- Fuchs (pronounced Fooks) endothelial corneal dystrophy is a bilateral, progressive, noninflammatory disease of the eye characterized by endothelial dysfunction, leading to corneal edema and vision loss.
- Keratoplasty (full- or partial-thickness corneal transplant) is the definitive management step for restoration of vision.
- Typically presents in the 5th and 6th decades, with rare early-onset Fuchs dystrophy in the 1st decade of life
- The leading indication for corneal transplant in the United States
- Accounts for >15,000 cases of keratoplasty in the most recent year (1)
- Women appear more susceptible than men, 3 to 4:1.
- 5% of the U.S. population >40 years old (2)
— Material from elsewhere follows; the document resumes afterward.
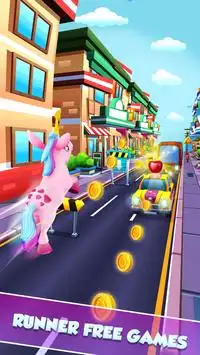 Unicorn Run: Subway Runner Rush Permainan Screen Shot 3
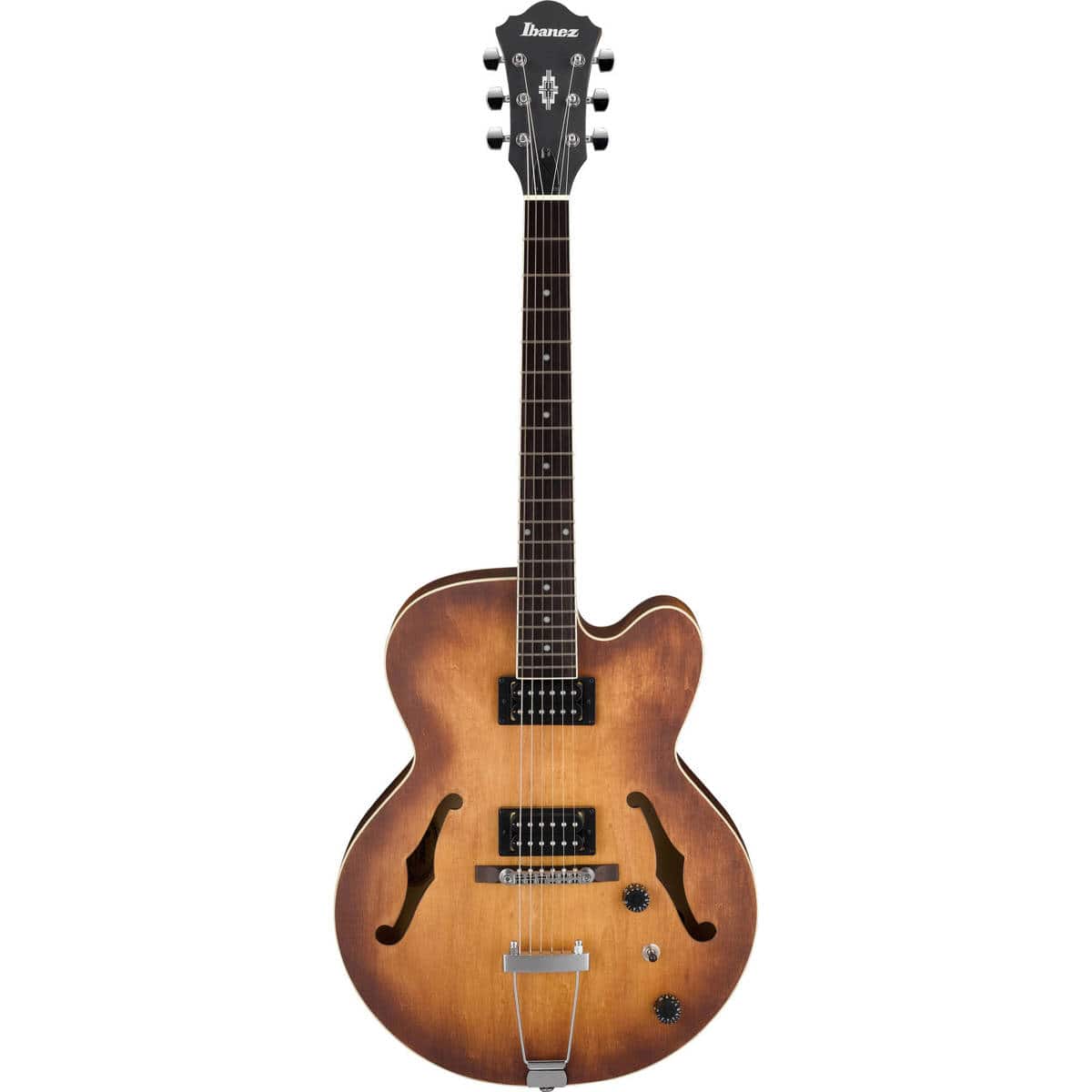 Ibanez - Artcore Series AF55 Hollow-Body Electric Guitar, Bound Rosewood Fretboard, Tobacco Flat price history on PriceWatchPro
Etiology and Pathophysiology
- The cornea provides 74% of the refractive power of the human eye and is composed of five layers: epithelium, Bowman layer, stroma, Descemet membrane, and endothelium.
- The endothelium provides vital barrier and ion transport functions, enabled by Na+/K+ ATPase pumps, which regulate corneal hydration and transparency.
- Attrition of endothelial cells accompanies normal aging: Endothelial cell density averages 2,400 cells/mm2 in adults, contrasted with 6,000 cells/mm2 in infants.
- Endothelial cell density is also adversely impacted by intraocular insults, notably cataract surgery and elevated intraocular pressure (IOP).
- In Fuchs dystrophy, endothelial stress manifests as endothelial cell morphologic changes and decreased cellular density, abnormal deposition of collagen and extracellular matrix in Descemet membrane, resulting in progressive stromal edema.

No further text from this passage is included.